Não. O que você busca é apenas memória, algo que já conhece e avalia como desejável. Todas estas coisas que você nomeia são atributos, sobreposições sobre a consciência pura. Há um entendimento profundo a ser ganho quando vê que, no momento da obtenção da qualidade desejada, não há nem uma qualidade-objeto nem um sujeito que a experimenta. Neste momento, há apenas unidade não-qualificada. É apenas depois de abandonar esta unidade que você procura uma causa e diz: “A causa desta alegria foi esta qualidade que alcancei”. Mas, no momento da vivência da unidade, não há lugar para qualquer qualidade, para qualquer objeto, seja qual for.
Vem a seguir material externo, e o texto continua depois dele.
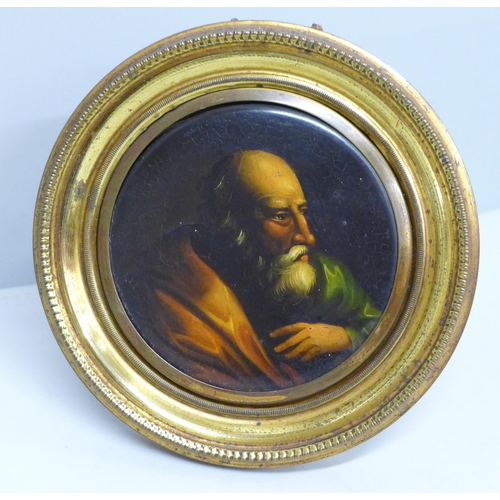 2045 - A 19th Century papier mache hand painted portrait of an elderly man within a gilt metal frame, frame... 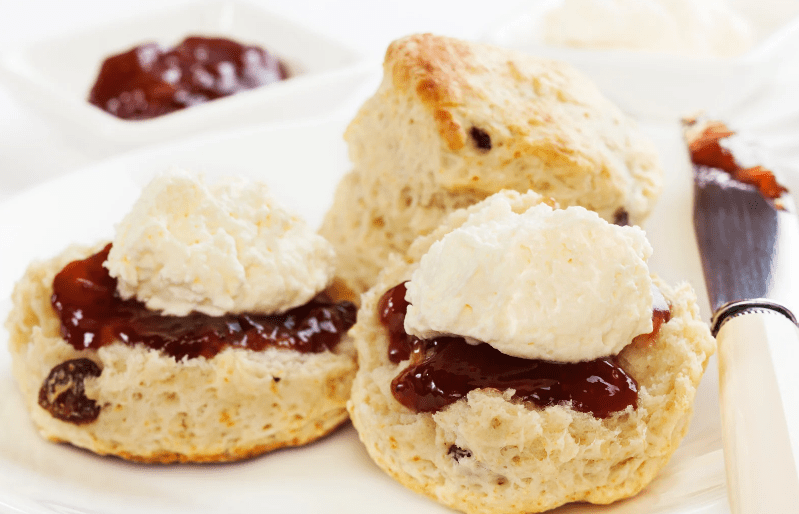 Two scones on a plate, one split and topped with red jam and a dollop of clotted cream—a common food in England. A knife with jam and more scones and cream are visible in the background.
Esta unidade é nosso desejo verdadeiro?

É nosso desejo verdadeiro. Todos os outros desejos aparecem mais ou menos através da falta de discernimento. O desejo é um esforço para obter compensação, a busca de um modo de preencher um sentimento de vacuidade em você mesmo. Assim, quando, por um momento, o esforço termina e o objeto desejado é obtido, há um instante em que você vive em unidade, na satisfação final, mas esta satisfação não tem causa. E este instante nem mesmo pode ser chamado de um instante, pois é atemporal.
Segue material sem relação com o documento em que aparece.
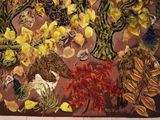 many different types of flowers displayed on the wall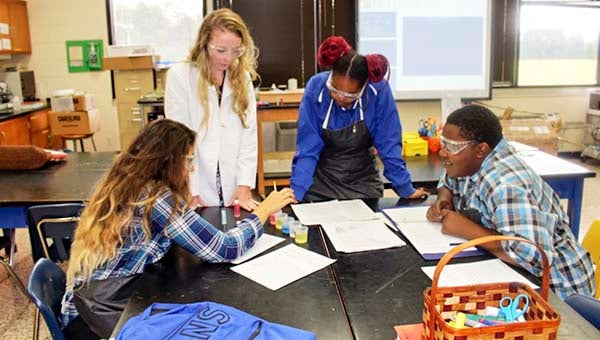Franklin High science teacher Leslie Moring teaching her students concepts to identify the pH of five unknown household chemicals. She is the recipient of the 2015 RISE award in the biology category. - SUBMITTED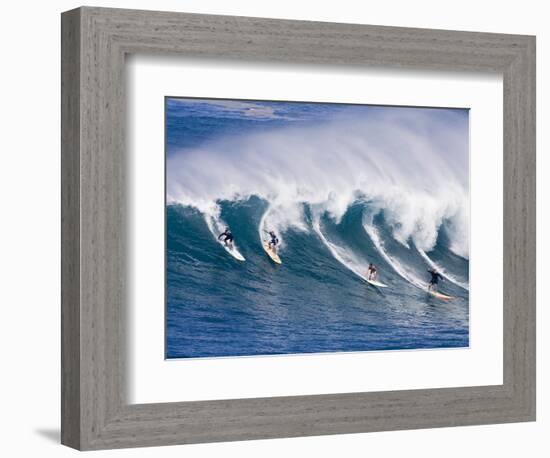 Surfers Ride a Wave at Waimea Beach on the North Shore of Oahu, Hawaii-null-Framed Photographic Print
O que então é o Karma, o qual é produzido pela relação de causa e efeito?

No momento em que você vive sem qualquer programação, sem uma imagem ou uma idéia de ser alguém, não há Karma. A quem pertenceria o Karma? Remova o problema do Karma. Abandone-o completamente. A idéia lhe dá um apoio à existência de alguém que não existe. Quando você está completamente silencioso, onde está a imagem de ser alguém? Quando o reflexo de identificação com uma imagem desaparece, há a certeza de que a entidade pessoal não existe. Há apenas unidade. Então você está livre do Karma, pois o Karma pertence a alguém. Mas, quando você adiciona uma imagem de uma personalidade, de um homem, ou de ser isto ou aquilo, neste momento, você está ligado ao Karma.

Você poderia dar-me um exemplo concreto do que significa identificar-se com uma imagem?
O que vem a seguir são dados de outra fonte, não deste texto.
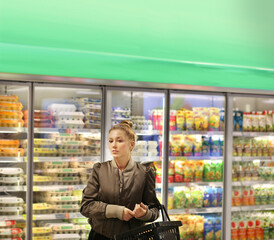 Woman choosing frozen food from a supermarket freezer..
Observe que desde a manhã até à noite você busca constantemente localizar-se. Você tem uma necessidade de localizar-se em algum lugar, seja na sensação corporal, na emoção, ou em uma idéia. Mas, quando você aceita que não pode encontrar a si mesmo, seu Eu verdadeiro, dentro de nenhuma percepção, o processo de produção cessa. Você deixa de criar idéis, imagens e situações.
Você deve viver na abertura sem qualquer memória. Isto significa que você está aberto completamente à vida, a tudo o que vier. E, desde que nesta abertura não há memória, nem reação, você está alerta completamente a cada momento para o frescor e para a novidade da vida. Não há mais repetição.

A mais próxima experiência do silêncio de que você fala é o sentimento e a satisfação do amor?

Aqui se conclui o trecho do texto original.